Position: PhD Candidate
Current Institution: Johns Hopkins University
Abstract: Neural Models for Decompositional Semantics
Central to building systems that can understand and perform high-level reasoning about natural language texts is the ability to map surface level linguistic expressions (e.g., a sentence) to deeper semantic representations that can support inference. To train a system to perform such a mapping with modern statistical techniques requires both a designated semantic ontology and sufficient training data to fit the statistical models. Traditionally, these ontologies contain large numbers of exclusive categorical labels that require experts to annotate. Our work on decompositional semantics aims to replace these cumbersome ontologies with bundles of atomic semantic features that can be annotated by posing simple “commonsensical” questions to non-expert crowdsource workers. Using this approach, we have developed several datasets targeting semantic tasks such as Event Factuality Prediction (EFP) and Semantic (Proto-) Role Labeling (SPRL). EFP is the task of determining whether an event mentioned in text happened or not. For exahmple, it entails processing a sentence such as “Pat watered the plants” or “Pat failed to water the plants” and answering the question “Did the watering happen?” SPRL involves predicting simple properties that distinguish participants in an event. For example, in processing a sentence such as “The cat ate the rat,” we’d aim to predict which participant (the cat or the rat) “acted with volition” (the cat), “changed state” (the rat), and so on. For both tasks, we have developed neural models that achieve state-of-the-art performance in predicting the target semantic labels. These models make use of bidirectional Recurrent Neural Networks (RNNs) with both linear and tree structures. We employ multi-task training strategies, i.e., simultaneously training the networks on closely related semantic resources, to yield further gains. Through targeted analysis, we can investigate the systematic improvements and errors these models make.
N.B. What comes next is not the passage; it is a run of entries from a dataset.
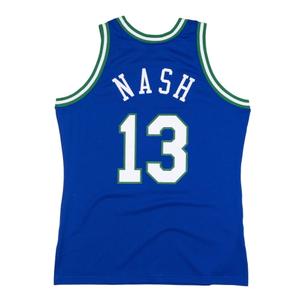 product/m/i/mitchell-ness_smjylg19115-dmaroya98sna_blue_2.jpg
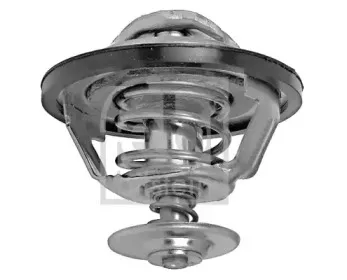 Термостат, охлаждающая жидкость FEBI BILSTEIN купить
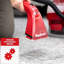 Rug Doctor Bagless Carpet Cleaner-88710008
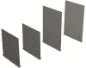 ABB 2CPX044010R9999 Stromschienesteun
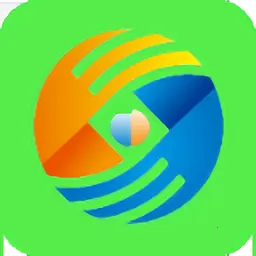 ����ͨ2026���ذ�װ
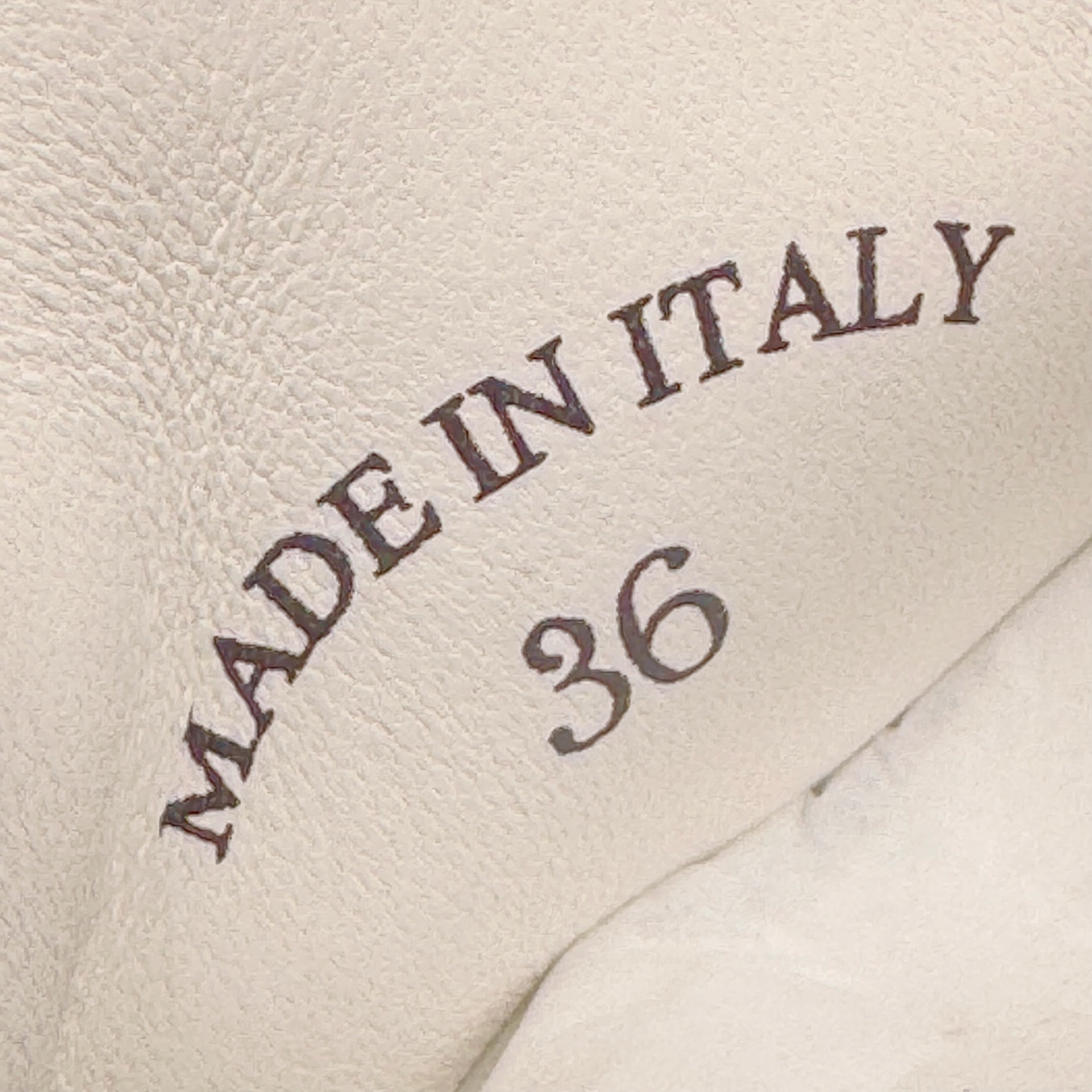 Loro Piana LP 低筒 皮革 德训鞋 休闲鞋 板鞋 女鞋 男鞋 白色 FAO93341000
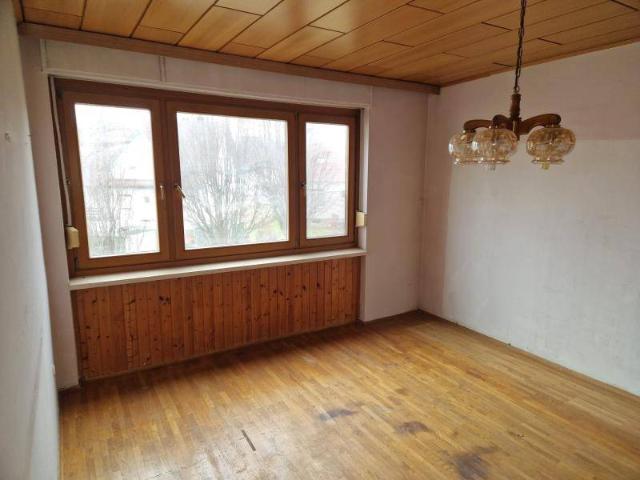 Apartment kaufen in Innere Stadt, Fürstenfeld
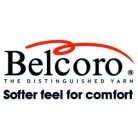 Fruit of the Loom Lady Fit SWEAT JACKET női kardigán - pulóver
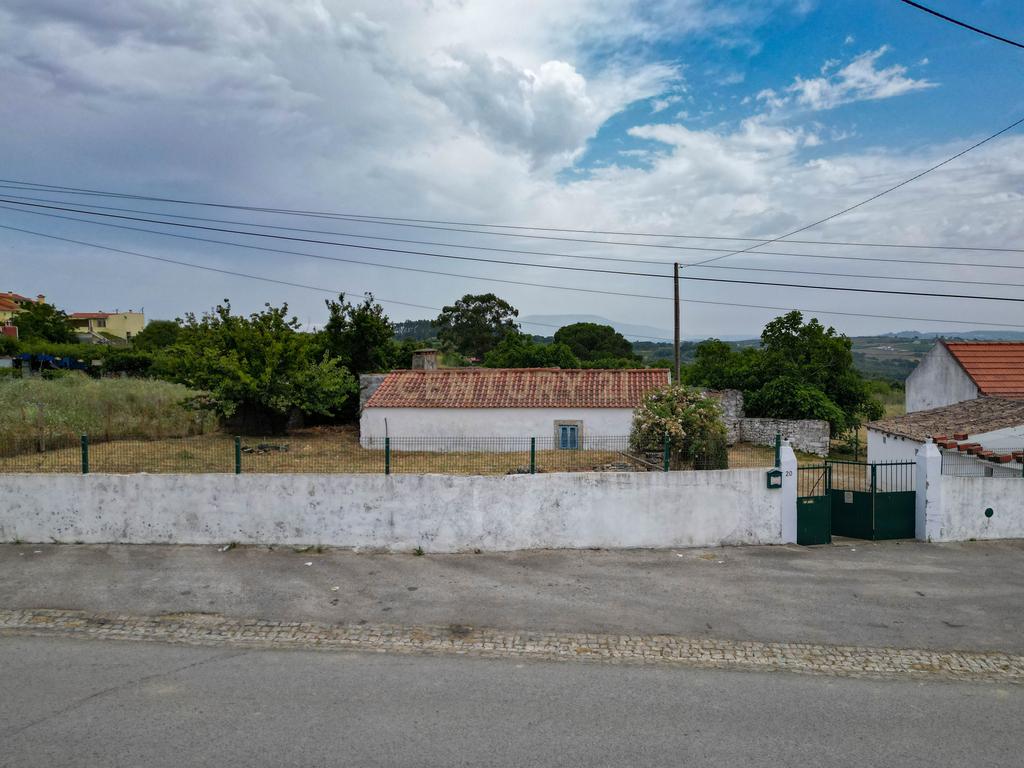 Quinta Arruda dos Vinhos|Casal das Eiras, Alenquer - Image 13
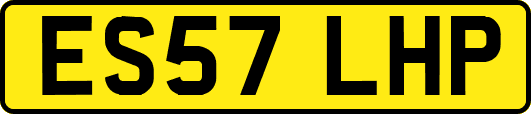ES57LHP
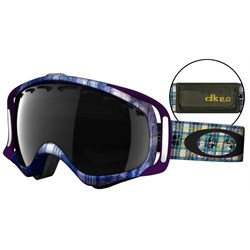 oakley-danny-kass-signature-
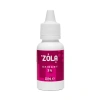 Aktywator do farbki Oxidant 3% ZOLA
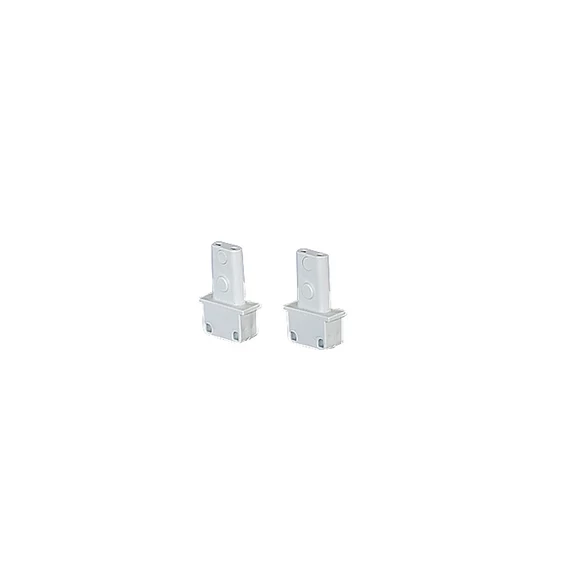 Hensel FP PL 3 2db plombáló készlet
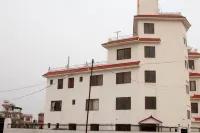 Homestay Nepal Hotels near Changu Narayan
Rachel Rudinger is a PhD candidate in computer science at Johns Hopkins University in the Center for Language and Speech Processing, working with Benjamin Van Durme. She received a bachelor’s degree in computer science from Yale University in 2013. Her research interests in the area of natural language processing include common-sense reasoning, knowledge acquisition from text, and event semantics. She is a member of the Decompositional Semantics Initiative, and her most recent work has focused on developing state-of-the-art neural models for fine-grained labeling of semantic properties in text. Rachel interned at the Allen Institute for Artificial Intelligence and received the NSF Graduate Research Fellowship and the JHU Whiting School of Engineering Fellowship.